「あー、のよ。えっと」
「……?」
人もまばらになってきた店内、今はすっかり顔馴染みになったお客さん――なっちゃん曰く、赤毛チーズさん、が言いにくそうにがりがりと後頭部を掻いている。
注文は既に請けたし背後では今も着々とチーズバーガーが出来上がっている。コーラの準備は終わっているので首を傾げつつ彼の言葉を待っていると、ほんのりと頬を染めた彼は意を決したように逸らしていた視線をこちらへ向けた。
「あ、の! 名前、教えてく……ださい」
「えっ」
「べ、つに! 変な意味じゃなくて、だな」
「あー……」
どうしたもんか。
名札があるから苗字はバレてしまっているが、わざわざ聞いてきたということはファーストネームの方だろう。どうしようかな、こういうのっていいのかな、バイトのマニュアルとしては……まあ個人の裁量に任せる、つまり勝手にしろってトコなんだろうけど。助けを求めて周囲に視線をやると、バイト仲間からニヤニヤした笑顔と親指を立てられて終わった。完全に面白がられている。
「……」
まあ、でも、嫌いじゃないし、この人がお客さんで来てくれるのちょっと楽しみだったし、今も真っ赤な顔で返答を待ってくれているし。勇気を出して、聞いてくれたんだろうし。名前くらい別にいいか。……黒子くんといた様子を見たのは、実際あの一度きりだし。
いつも通りのチーズバーガーをバックから受け取り、コーラと一緒に載せて振り返る。彼のただでさえ大きな背筋がぴんと伸びて直立不動の姿勢になった。それがなんだか大型犬のようで、少し笑う。トレーを掲げるように持ち上げると、慌てた様子で手を出した。端と端で持ち合うのと同時、視線が合う。
「いつもありがとうございます。――桃井」
「答えることないですよ」
「がっ!?」
ずいぶん高い位置に会ったはずの頭が、がくん、と落ちる。
どうやら背後から膝を折られたらしい。バランスを崩して一瞬宙に浮いたトレーを慌てて持ち直すと同時、てめぇ黒子! と尖った声が響いた。
「何ナンパしてるんですか、怖がらせるんじゃありません」
「え、いや、」
「っな、名前聞いてただけだっつーの!」
「威圧感丸出しでしたよ。女性にはもっと優しくするべきです。……すみません、バニラシェイクひとつください」
「は、はい……」
っていうか黒子くんだ。黒子くん、だよね。まさかこんな珍しい色の人を見間違えるはずがない。
戸惑いながらもバニラシェイクを注ごうと振り返れば、ニヤニヤと見守っていたはずのバイト仲間たちが一層キラキラした瞳をこちらに向けていた。『修羅場? 修羅場キタコレなの?』という心の声が聞こえてくる。キテないわ修羅場じゃないわ修羅場であってたまるか。『どっちが本命?』テレパシーやめい。

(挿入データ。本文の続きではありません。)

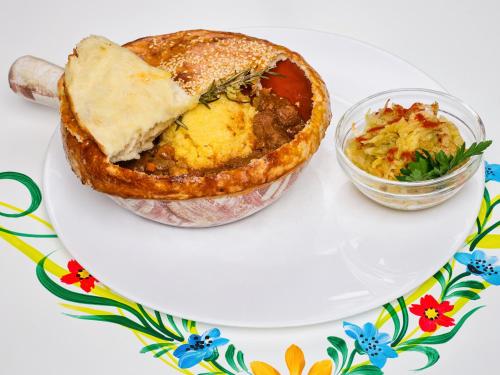 a plate with a pie and a bowl of salad at Resort EuroPark Fundata in Fundata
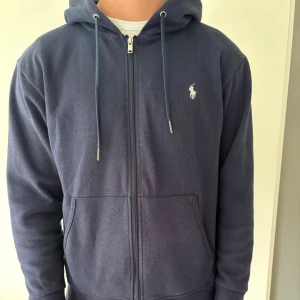 Mörkblå zip hoodie Polo Ralph Lauren - Säljer en snygg mörkblå hoodie med dragkedja, huva och snörning.
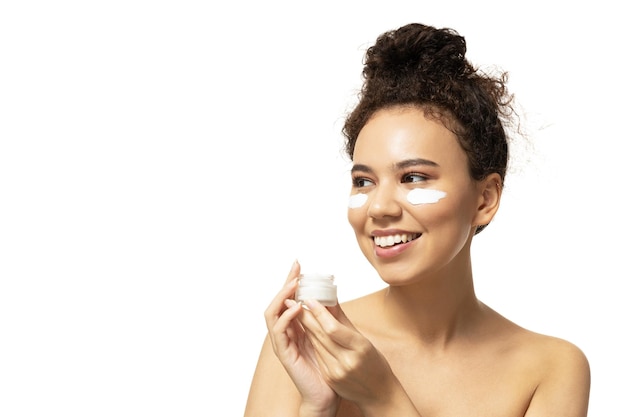 PNGattractive girl with face cream in handst isolated on white background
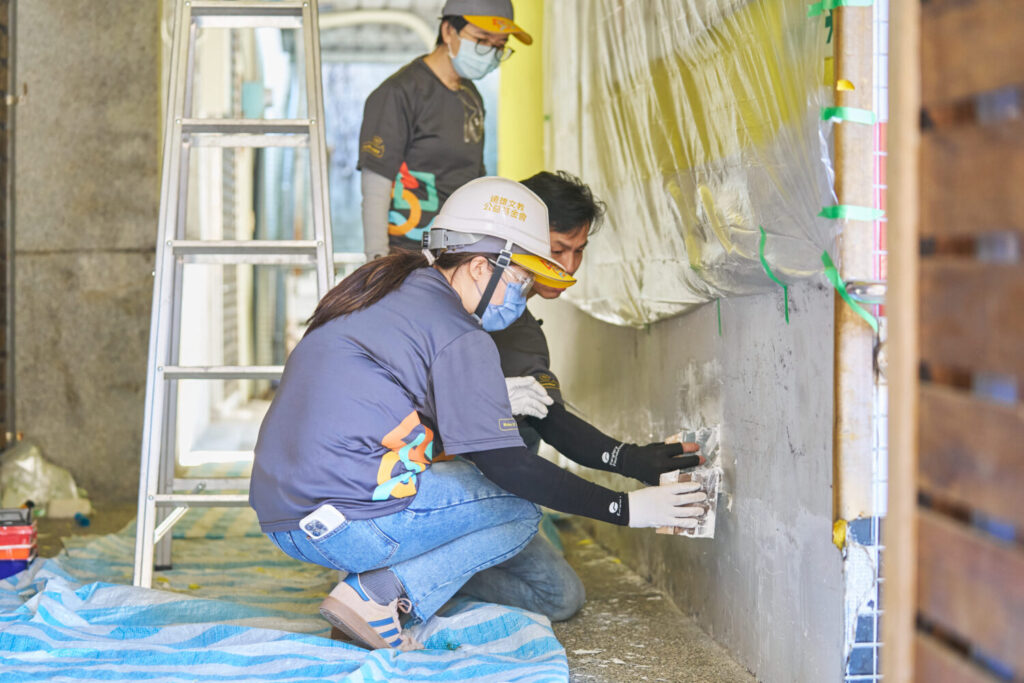 「祖靈之眼」守望校園 遠雄志工入山協助翻新桃山國小 刨除剝落的牆面舊漆後進行丕土,以便後續上漆時的牆面平整。(圖/遠雄文教公益基金會 提供)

「お待たせいたしました、バニラシェイクおひとつで百円になります」
「はい。……お久しぶりです、桃井さん」
硬貨をひとつ掌に落とされた、はずがその手をしっかり掴まれる。
……お釣りを渡すときに両手使って上下挟むようにする人はいるけどさぁ……確かにいるけどさぁ、そういうキャラだっけ黒子くん……。戸惑いを隠しもせずに顔を上げると、小柄な印象はあるもののやはり私よりは高い位置にある目にじっと見つめられた。この目が好きなのだと、そういえばさつきが言っていたっけ。
「何時に終わりますか」
「え、……っと……」
「大丈夫です、火神くん……さっきの彼は、同席させませんから」
別にそんなこと言ってませんけど。と言っていいのか、わからない。そもそも彼が本気で言っているのかもよくわからない。

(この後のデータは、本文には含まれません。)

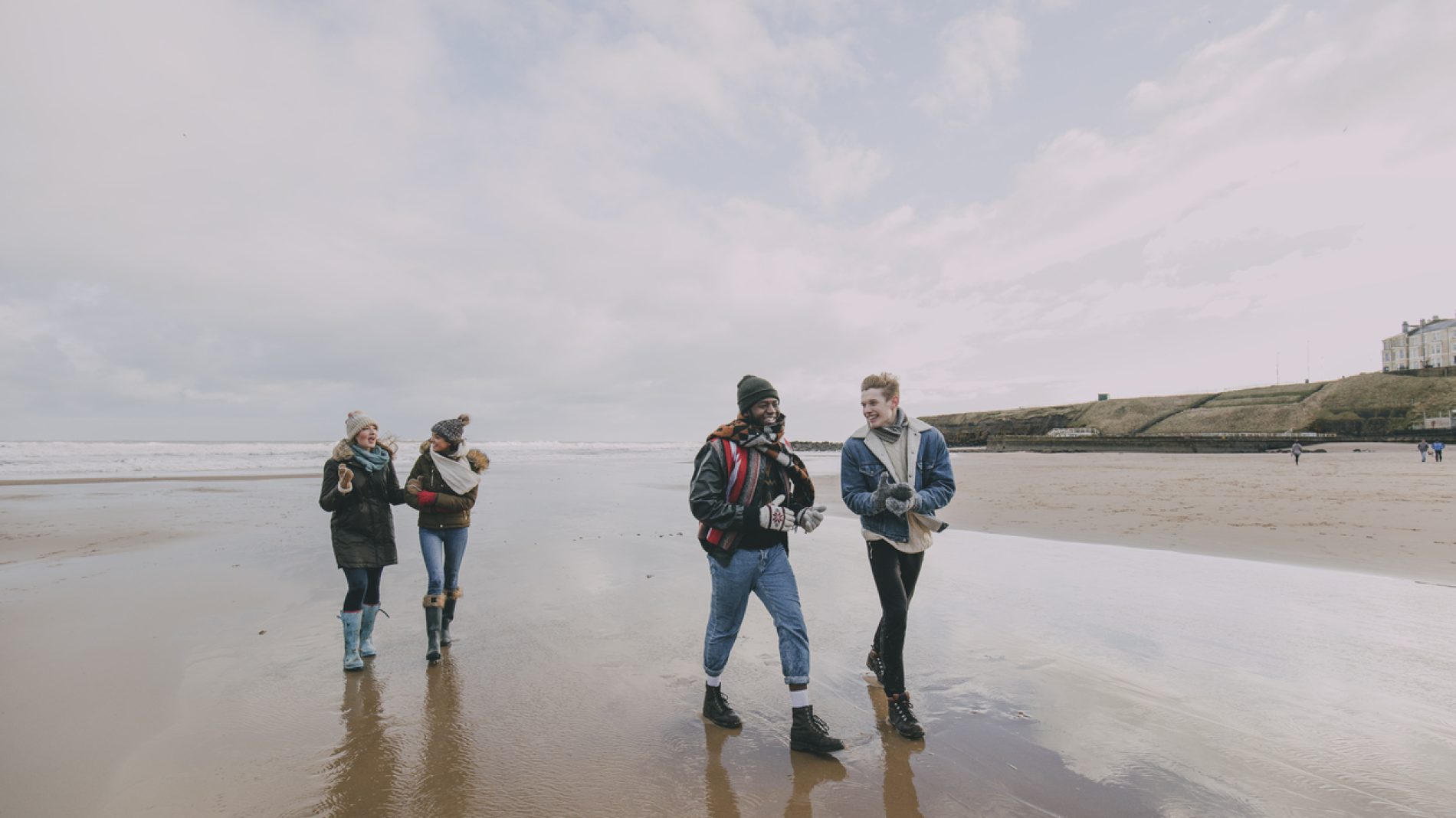A Group Of Friends Walk Along A Winter Beach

たまたま会った、じゃあお茶しよう、なんて流れになるほど彼とは親しくなかったはずだ。さつきならともかく。
「あの」
「あ、この子もう上がりなんで! 行っていーよ名前!」
「ちょ、なっちゃんっ」
「ただしお話は店内でねっ!」
ぱちんとウインクしつつ言うなっちゃんは、一応気を使ってくれたのか、面白がっているだけなのか。……半々かなあ。さすがに二人っきりで店の外に送り出すには遅い時間だ。

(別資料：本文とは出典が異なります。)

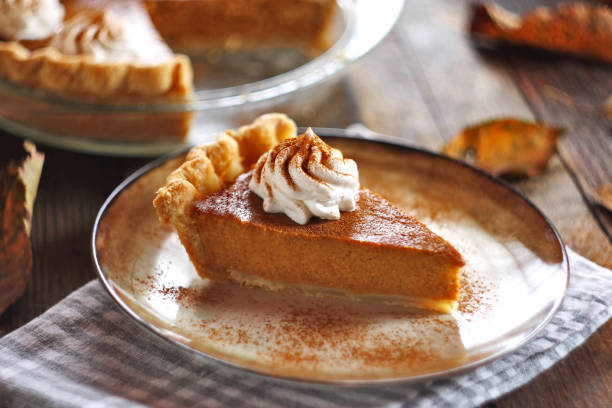 istock Traditional pumpkin pie topped with whipped cream. Selective focus. 2178907849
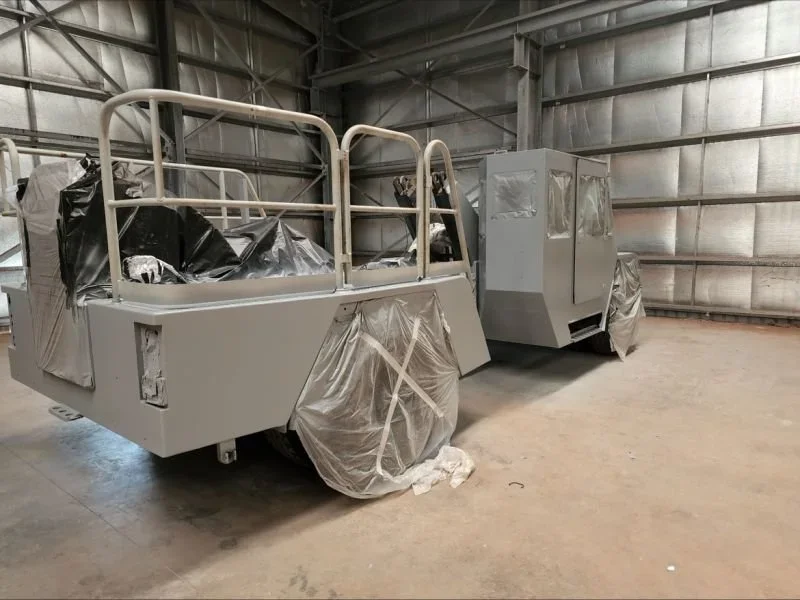 Two large, rectangular industrial vehicles in a warehouse, covered partially with plastic, with some areas masked off, possibly in the process of painting or assembly.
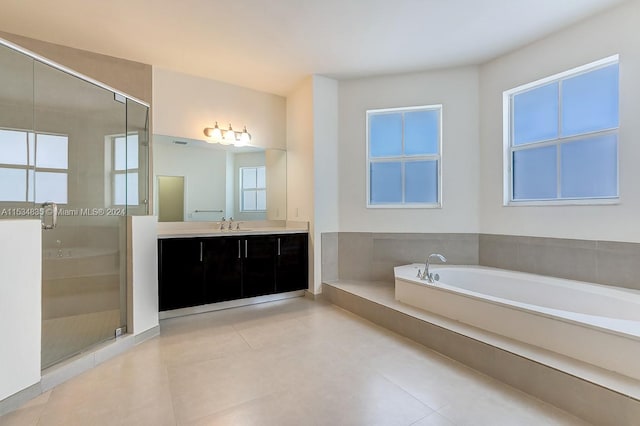 bathroom featuring plenty of natural light, separate shower and tub, tile floors, and large vanity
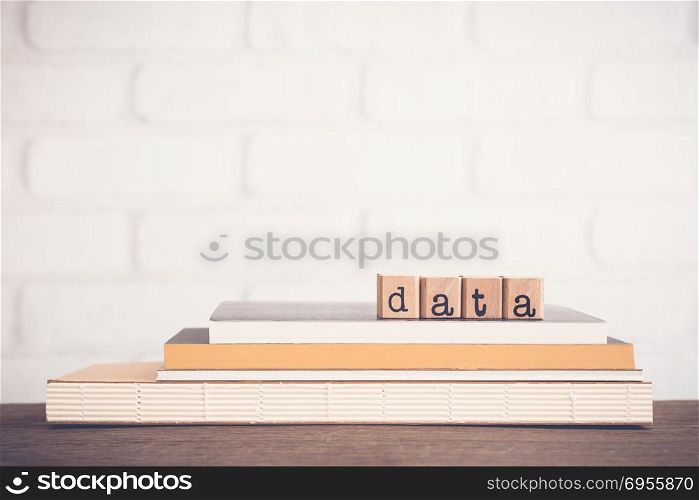 The word Data, alphabet on wooden cubes on top of books. Background copy space, vintage and minimal style. Research study or information analysis, facts and knowledge for education or business.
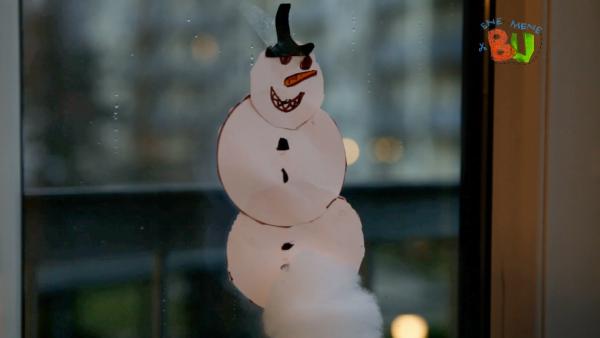 Auf dem Bild sieht man einen selbstgebastelten Schneemann aus Papier, der mit Klebeband auf das Fenster geklebt worden ist.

私が返事をするより先に頷いた黒子くんが、お待ちしてます、とだけ言ってレシートも受け取らずにいつものボックス席へ歩いていく。少し遅れて赤毛チーズさん……火神くん、というらしい彼の声が聞こえて、無意識のうちに小さく溜息をついた。
「……名前? 平気?」
「うーん……うん……」
「……ゴメン、あんたあの、赤毛チーズさんのこと結構好きそうに見えたからつい口出しちゃったんだけど。乗り気じゃなかったら、裏から帰る? あたし伝えとくよ?」
「いや、大丈夫。ありがとねなっちゃん。……あと、赤毛さんはともかく次に来た水色の人は同級生だから、変な期待しないでくださいねっ!」
後半はバックヤードにいるバイト仲間含めて言う。目をキラキラさせていた暇人達は、んだよーつまんねえー愛憎劇はじまんないってよー! という掛け声とともに解散した。愛憎劇って、何を期待していたんだ。
「先に着替えておいでよ。アップルパイ用意しとくからさ。あとコーヒーも」
「……おごり?」
「もちろん!」
「じゃ、許す」
ふふっと笑い合って、確かにシフト終わりの時間でもあったので軽く声をかけて更衣室に引っ込む。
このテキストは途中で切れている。